───── Provided records ─────
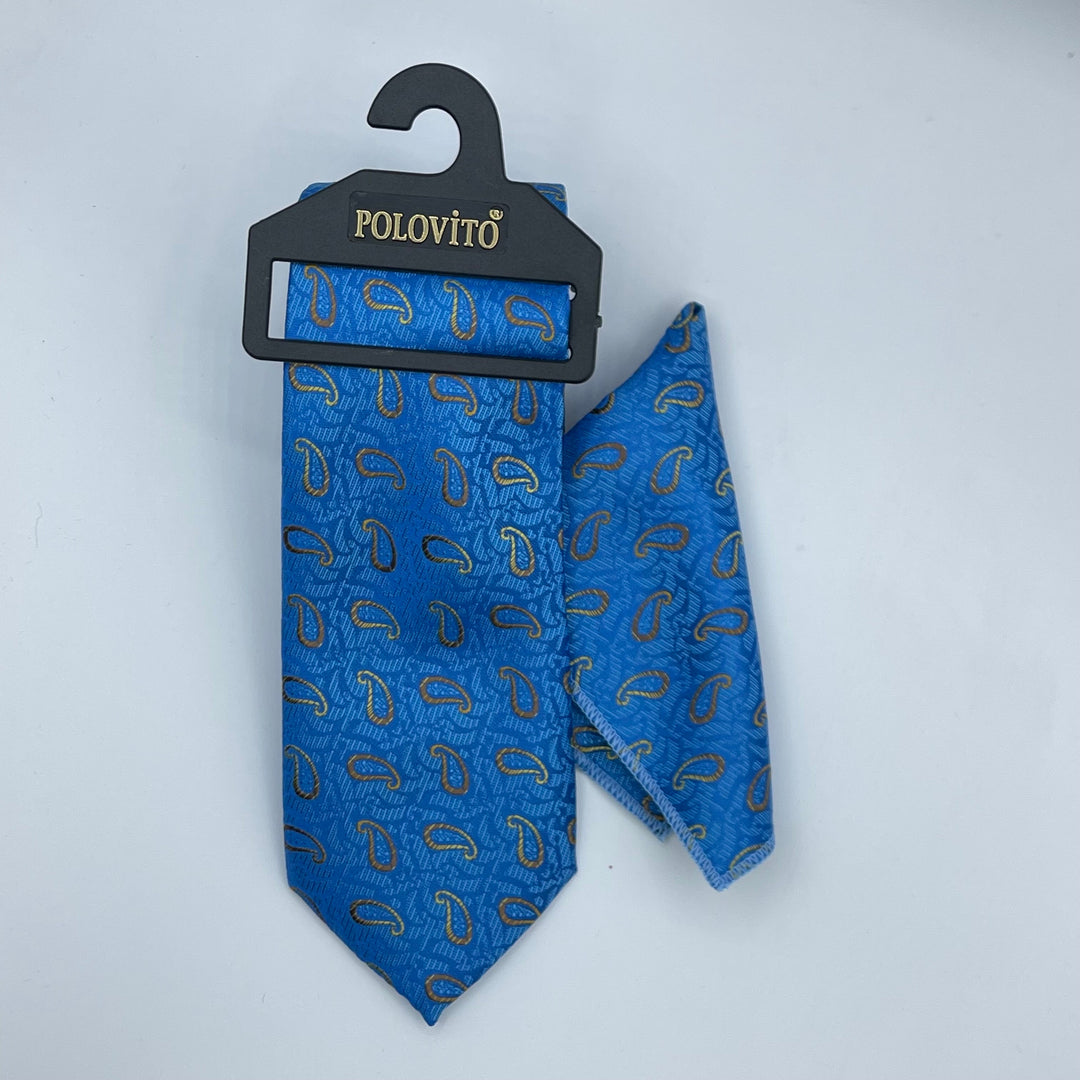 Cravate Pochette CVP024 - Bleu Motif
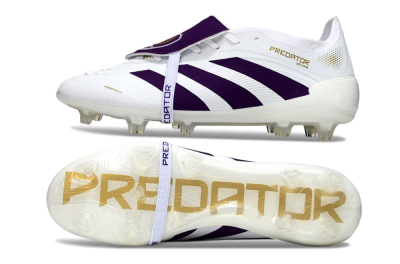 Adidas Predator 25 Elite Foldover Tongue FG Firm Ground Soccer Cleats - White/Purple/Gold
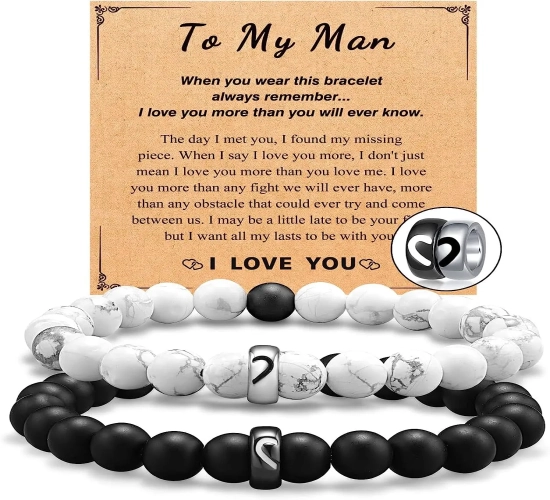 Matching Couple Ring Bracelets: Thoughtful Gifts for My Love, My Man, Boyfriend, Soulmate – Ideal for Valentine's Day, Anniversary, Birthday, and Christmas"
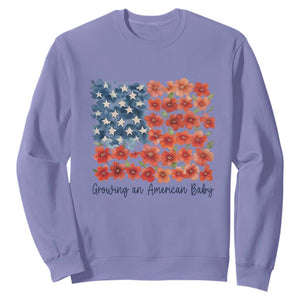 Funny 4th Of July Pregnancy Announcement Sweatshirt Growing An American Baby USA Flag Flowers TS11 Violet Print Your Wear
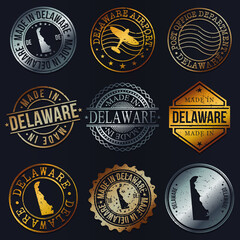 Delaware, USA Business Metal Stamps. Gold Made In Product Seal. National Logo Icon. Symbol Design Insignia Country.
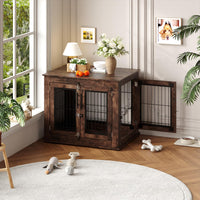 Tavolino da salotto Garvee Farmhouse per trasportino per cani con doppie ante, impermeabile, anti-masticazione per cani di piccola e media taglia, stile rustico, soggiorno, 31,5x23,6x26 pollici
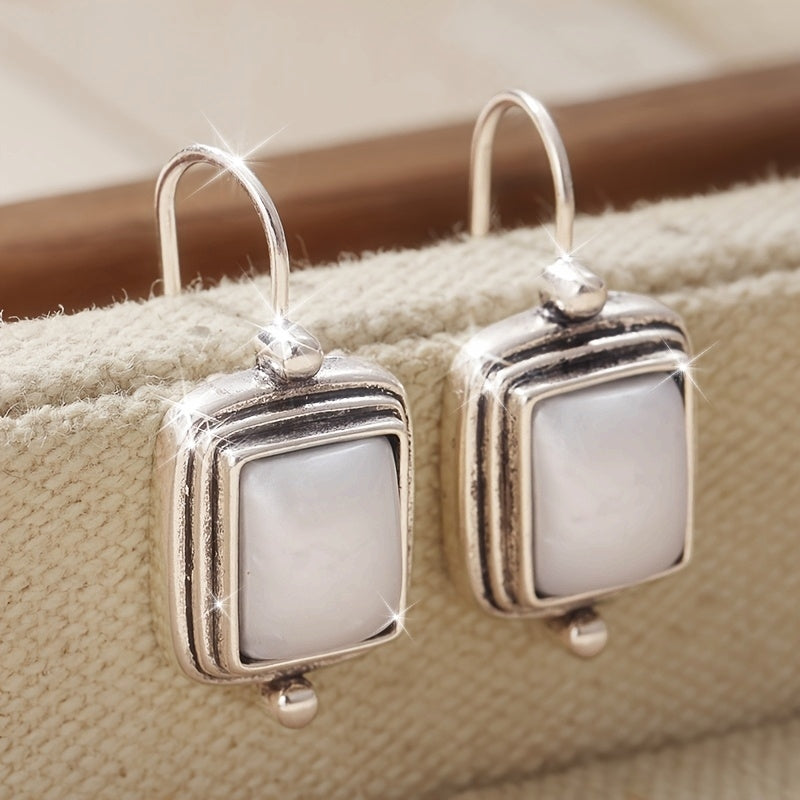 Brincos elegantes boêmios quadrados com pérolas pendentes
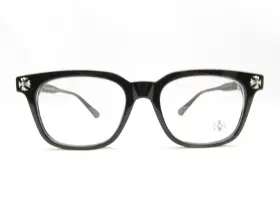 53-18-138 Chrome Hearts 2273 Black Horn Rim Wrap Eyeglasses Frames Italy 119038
─────
───── Provided records ─────
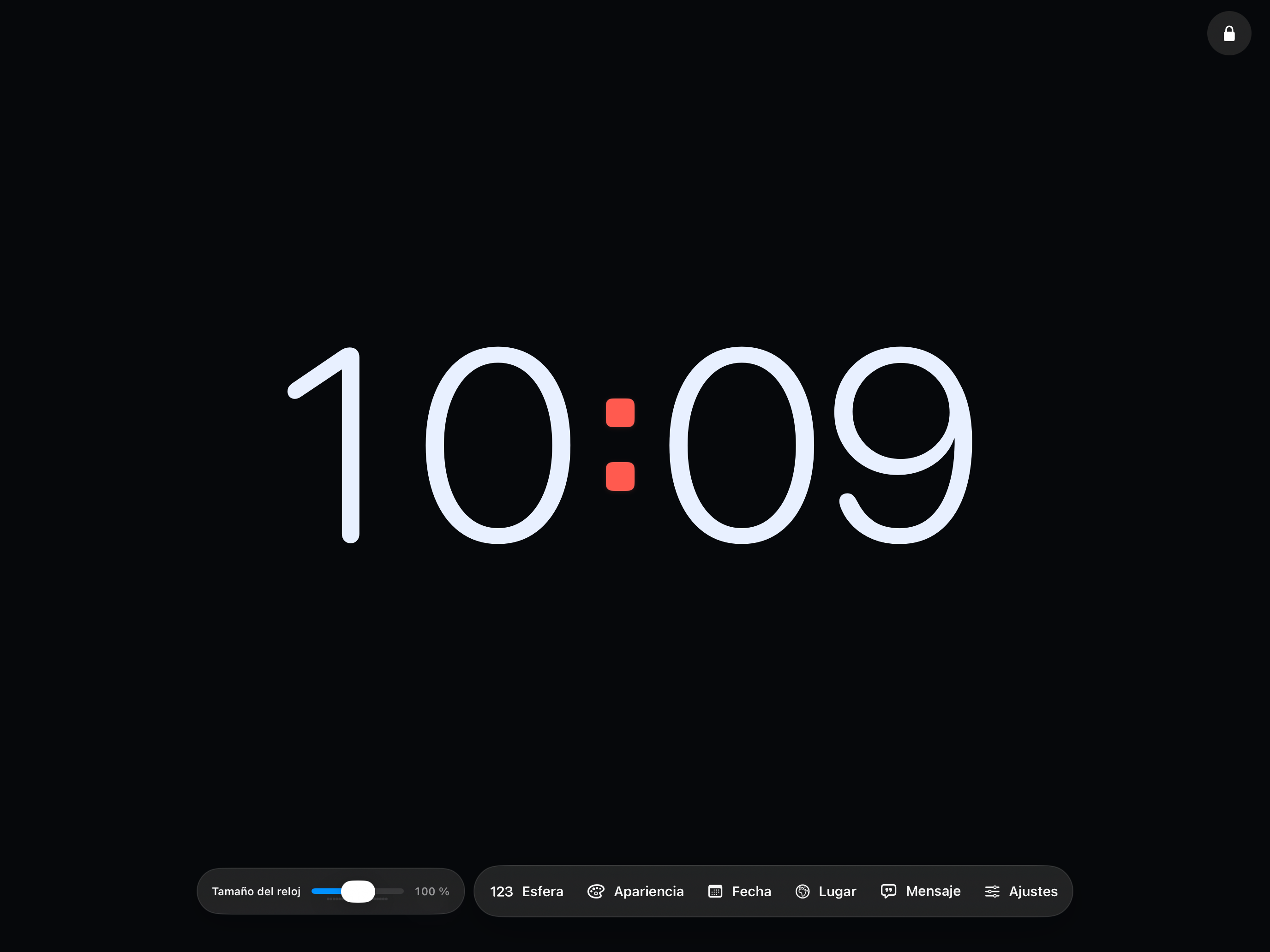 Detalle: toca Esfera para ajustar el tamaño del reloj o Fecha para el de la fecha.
─────
───── Provided records ─────
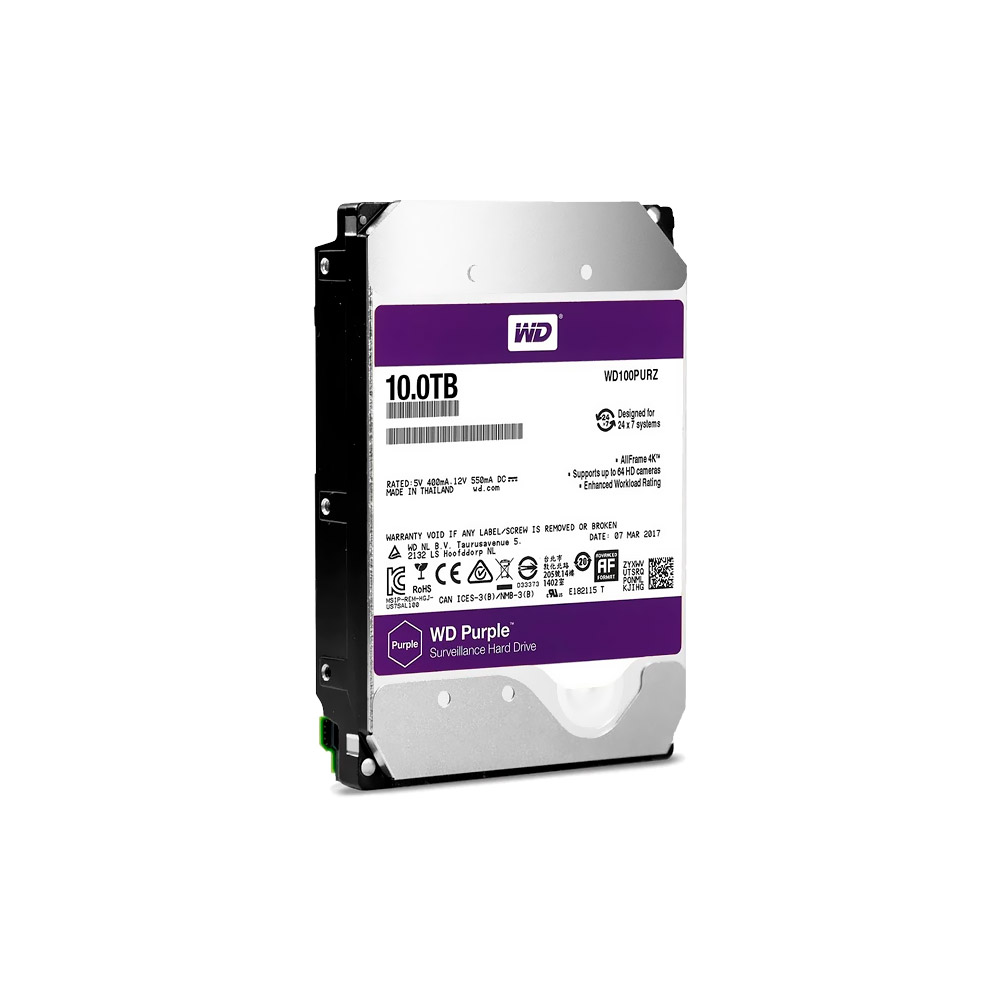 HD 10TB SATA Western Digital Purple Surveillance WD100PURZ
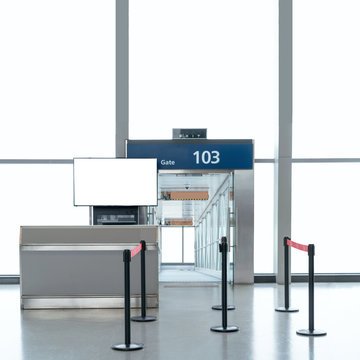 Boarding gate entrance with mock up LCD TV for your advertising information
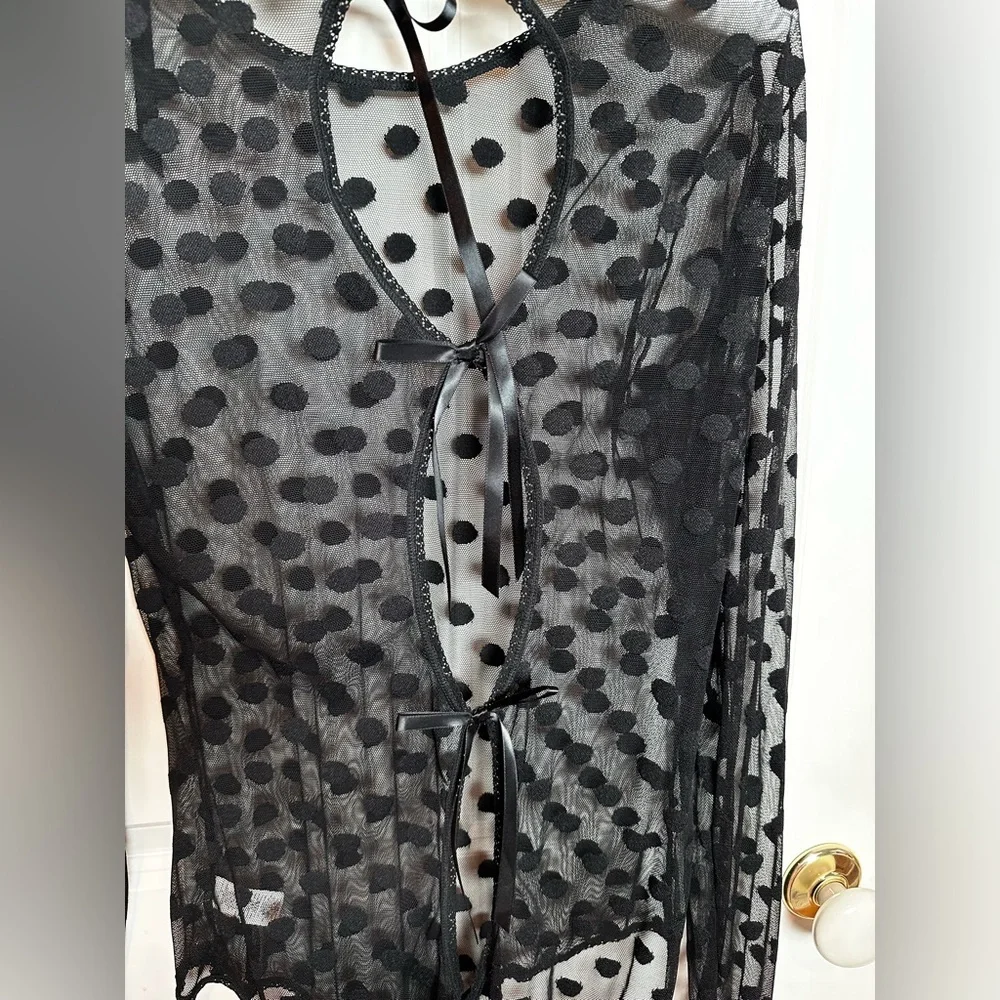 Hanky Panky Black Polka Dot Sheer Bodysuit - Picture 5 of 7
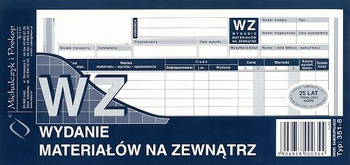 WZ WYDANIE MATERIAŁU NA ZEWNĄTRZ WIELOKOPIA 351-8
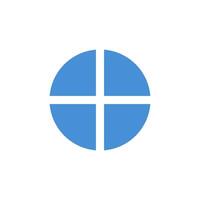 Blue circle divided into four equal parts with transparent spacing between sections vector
─────
Exercise goal>
In the records above, everything from the line with "Cravate Pochette CVP024 - Bleu Motif" down to the line with "53-18-138 Chrome Hearts" must be duplicated exactly, both lines kept. Leave no pictures in.

Solution for this task>
 Cravate Pochette CVP024 - Bleu Motif
 Adidas Predator 25 Elite Foldover Tongue FG Firm Ground Soccer Cleats - White/Purple/Gold
 Matching Couple Ring Bracelets: Thoughtful Gifts for My Love, My Man, Boyfriend, Soulmate – Ideal for Valentine's Day, Anniversary, Birthday, and Christmas"
 Funny 4th Of July Pregnancy Announcement Sweatshirt Growing An American Baby USA Flag Flowers TS11 Violet Print Your Wear
 Delaware, USA Business Metal Stamps. Gold Made In Product Seal. National Logo Icon. Symbol Design Insignia Country.
 Tavolino da salotto Garvee Farmhouse per trasportino per cani con doppie ante, impermeabile, anti-masticazione per cani di piccola e media taglia, stile rustico, soggiorno, 31,5x23,6x26 pollici
 Brincos elegantes boêmios quadrados com pérolas pendentes
 53-18-138 Chrome Hearts 2273 Black Horn Rim Wrap Eyeglasses Frames Italy 119038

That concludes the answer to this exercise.